§ PROVIDED DATA
========================================

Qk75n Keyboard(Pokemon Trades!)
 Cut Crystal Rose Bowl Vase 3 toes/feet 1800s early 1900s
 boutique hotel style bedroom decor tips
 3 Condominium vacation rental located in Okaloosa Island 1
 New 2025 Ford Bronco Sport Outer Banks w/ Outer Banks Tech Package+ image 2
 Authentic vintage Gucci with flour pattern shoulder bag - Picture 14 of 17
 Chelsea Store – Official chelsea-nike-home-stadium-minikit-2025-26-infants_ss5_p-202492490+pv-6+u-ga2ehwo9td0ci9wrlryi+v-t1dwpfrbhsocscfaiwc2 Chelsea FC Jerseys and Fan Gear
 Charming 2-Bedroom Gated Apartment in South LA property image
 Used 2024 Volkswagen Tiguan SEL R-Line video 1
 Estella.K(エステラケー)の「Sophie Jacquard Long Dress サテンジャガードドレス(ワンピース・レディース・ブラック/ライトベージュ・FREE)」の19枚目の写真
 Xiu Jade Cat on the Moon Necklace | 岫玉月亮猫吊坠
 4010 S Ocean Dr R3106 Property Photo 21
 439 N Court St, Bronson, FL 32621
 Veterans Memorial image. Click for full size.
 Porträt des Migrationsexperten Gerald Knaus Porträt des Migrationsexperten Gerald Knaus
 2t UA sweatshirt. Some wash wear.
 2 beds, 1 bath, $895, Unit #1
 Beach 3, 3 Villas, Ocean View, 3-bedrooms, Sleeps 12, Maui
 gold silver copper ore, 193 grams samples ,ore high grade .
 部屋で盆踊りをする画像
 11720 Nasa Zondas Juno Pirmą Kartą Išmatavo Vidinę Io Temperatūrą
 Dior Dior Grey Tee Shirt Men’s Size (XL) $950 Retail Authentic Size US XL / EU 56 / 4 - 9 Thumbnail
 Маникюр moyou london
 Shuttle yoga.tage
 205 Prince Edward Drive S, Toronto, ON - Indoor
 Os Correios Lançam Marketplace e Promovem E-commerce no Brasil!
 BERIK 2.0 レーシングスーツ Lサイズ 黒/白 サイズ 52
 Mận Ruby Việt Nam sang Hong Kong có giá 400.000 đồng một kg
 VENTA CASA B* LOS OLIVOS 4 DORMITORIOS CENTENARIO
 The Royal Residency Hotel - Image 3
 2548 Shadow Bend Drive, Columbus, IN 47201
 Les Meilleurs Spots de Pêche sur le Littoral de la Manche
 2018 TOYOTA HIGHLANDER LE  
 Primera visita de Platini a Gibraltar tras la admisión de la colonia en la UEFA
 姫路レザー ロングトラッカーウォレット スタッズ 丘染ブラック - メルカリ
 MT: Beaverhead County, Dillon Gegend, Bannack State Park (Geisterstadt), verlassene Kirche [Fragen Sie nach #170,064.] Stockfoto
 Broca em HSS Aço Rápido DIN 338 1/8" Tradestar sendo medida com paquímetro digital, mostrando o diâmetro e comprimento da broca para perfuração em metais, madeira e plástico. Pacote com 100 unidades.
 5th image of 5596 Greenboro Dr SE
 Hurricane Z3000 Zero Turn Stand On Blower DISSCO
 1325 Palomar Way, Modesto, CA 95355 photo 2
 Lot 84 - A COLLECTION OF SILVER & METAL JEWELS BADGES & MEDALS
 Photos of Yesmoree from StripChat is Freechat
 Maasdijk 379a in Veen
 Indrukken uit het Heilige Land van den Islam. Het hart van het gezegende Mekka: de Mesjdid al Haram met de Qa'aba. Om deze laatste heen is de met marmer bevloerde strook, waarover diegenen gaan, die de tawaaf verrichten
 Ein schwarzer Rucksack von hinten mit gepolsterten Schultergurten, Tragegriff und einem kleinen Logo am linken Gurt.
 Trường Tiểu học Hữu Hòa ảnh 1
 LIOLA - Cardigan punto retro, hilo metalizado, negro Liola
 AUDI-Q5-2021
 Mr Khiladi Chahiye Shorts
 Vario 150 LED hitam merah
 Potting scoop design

========================================

§ TASK STATEMENT
For each line of the material that includes the word "Authentic", make a copy.

§ TASK SOLUTION
 Authentic vintage Gucci with flour pattern shoulder bag - Picture 14 of 17
 Dior Dior Grey Tee Shirt Men’s Size (XL) $950 Retail Authentic Size US XL / EU 56 / 4 - 9 Thumbnail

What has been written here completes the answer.